Yes, this seems to build on the idea of regex derivatives. If regex derivatives can be used to transform a regular expression into a recognizer for strings, why not transform a more general grammar into a recognizer of strings.
Yes, it is completely arbitrary. However, this arbitrary definition follows certain rules and properties and can therefore be used for certain types of mathematical reasoning.
This is why, when we talk about rings and fields and such we say "multiplication-like" or "addition-like" operators. The operators defined for the algebraic structure may not be exactly like "standard" operators, but they still follow rules and you can still do cool things with them.

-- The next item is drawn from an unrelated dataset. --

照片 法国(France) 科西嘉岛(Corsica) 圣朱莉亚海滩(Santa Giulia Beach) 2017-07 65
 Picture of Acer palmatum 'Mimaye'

If you like, think of this as first turning a number into the unique monic polynomial with negated prime roots whose value at 0 is that number, then taking the derivative of that polynomial at 0.
...Not that there's any particular reason you should like this.
Think of Derivative as a function which inputs a function and outputs a function. When you think "derivative of 5 is 0", you imply "derivative of f(x)=5 is f'(x)=0"
This article seems to define a function called Derivative which inputs a number and outputs a number. In this case, "derivative of 5 is 1" actually translates to "derivative of 5 is 1".
LEMMA: D(pq•r) = D(p•qr):
D(pq•r) = pq D(r) + r D(pq)
= pq D(r) + rp D(q) + qr D(p)
= p (q D(r) + r D(q)) + qr D(p)
= p D(qr) + qr D(p)
= D(p•qr)
There are a number of generalizations of the notion of "derivative"; in particular, you can take the derivative of a regular expression:
https://github.com/scythe/dreg/blob/master/re-deriv.pdf
...which I've been slowly turning into a regex matcher.